An apparent stalker broke into suburban Seattle home of a female tech podcaster, killing her and her husband before taking his own life following what court documents describe as a months-long campaign of unwanted contact and disturbing behavior.
Zohreh Sadeghi, 33, filed for a no-contact restraining order against Ramin Khodakaramrezaei, a 38-year-old long haul truck driver from Texas, on March 3, according to KOMO News. She and her husband, 35-year-old Mohammed Naseri, were found shot dead in their Redmond, Washington home on Friday around 1:45 a.m.
Sadeghi's mother, who was visiting her daughter and was in the home when Khodakaramrezaei broke in through a window, was able to escape to a neighbor's house and call 911, according to local news station KING 5.
Sadeghi and Khodakaramrezaei were both dead in the master bedroom of the home when Redmond Police arrived. They administered CPR to Naseri, who was found with a gunshot wound to the chest and was pronounced dead shortly afterward.
Photo: LinkedIn
Sadeghi hosted a podcast geared toward helping Farsi speakers find tech jobs.
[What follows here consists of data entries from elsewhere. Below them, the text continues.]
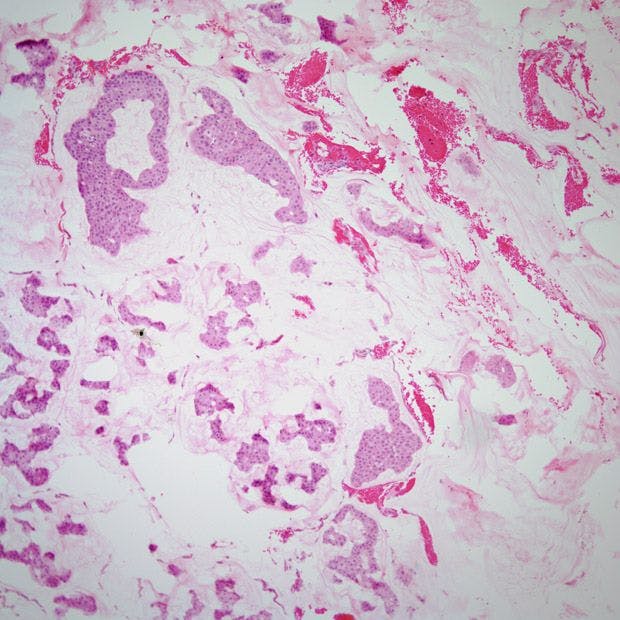 Breast Mass Found in 52-Year-Old Woman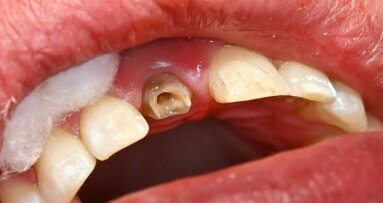 Implant site preservation using a novel post and crown
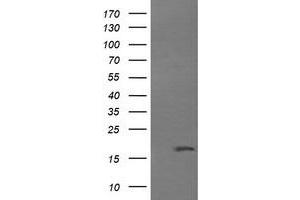 Image no. 1 for anti-Cancer/testis Antigen 1B (CTAG1B) antibody (ABIN1499902) (CTAG1B Antikörper)
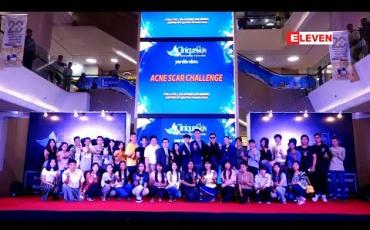 Embedded thumbnail for &amp;quot; Acne Scar Challenge နောက်ဆုံးအဆင့် ဇကာတင်ရွေးချယ်ပွဲကြီး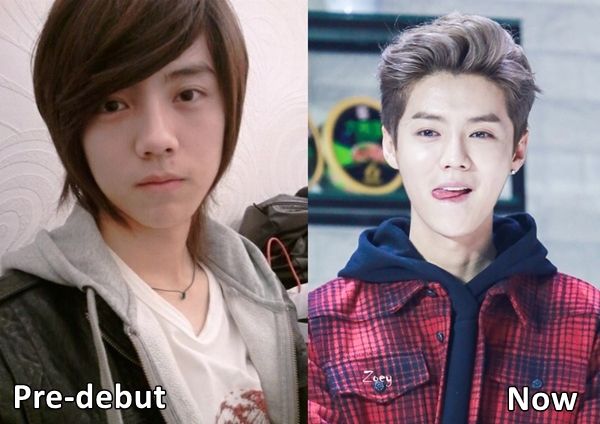Корейские актеры до и после пластики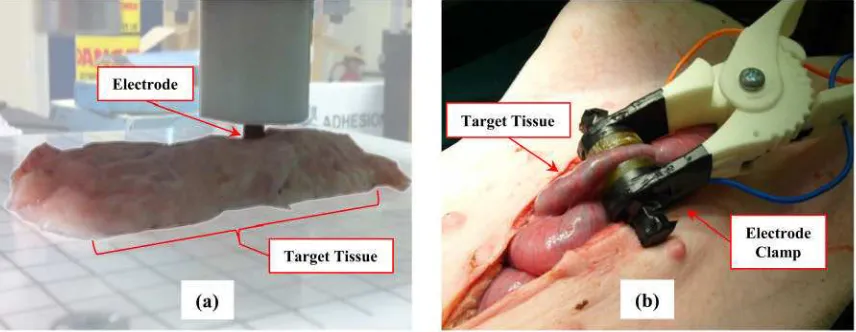 Figure 2. (a) Ex vivo testing on porcine colon tissue showing vertically applied tissue strain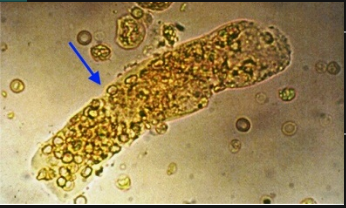 <p>What type of cast is shown in the illustration?</p><p>WBC cast</p><p>RBC cast</p><p>Waxy cast</p><p>Granular cast</p>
Khodakaramrezaei was a listener and began contacting her last year.
Leading up to the murder-suicide, according to the restraining order petition obtained by KOMO News, Khodakaramrezaei left hundreds of "vulgar, angry and threatening" voicemails and messages for the Sadeghi and her husband, sometimes contacting them more than 20 times per day. At one point, Sadeghi wrote, Khodakaramrezaei called her more than 100 times in one day.
Khodakaramrezaei said in one of the voicemails that the "only thing that [would] make all this stop is if he killed himself or died," the order of protection states. In one voicemail, Sadeghi said the man threatened to "show up to my door and burn himself and set fire on my house by burning the tree that I love.”
Photo: Facebook
"Khodakaramrezaei has bursts of anger and is completely delusional," Sadeghi wrote in the haunting petition. "These delusions make me fear for my life and the lives of my loved ones.”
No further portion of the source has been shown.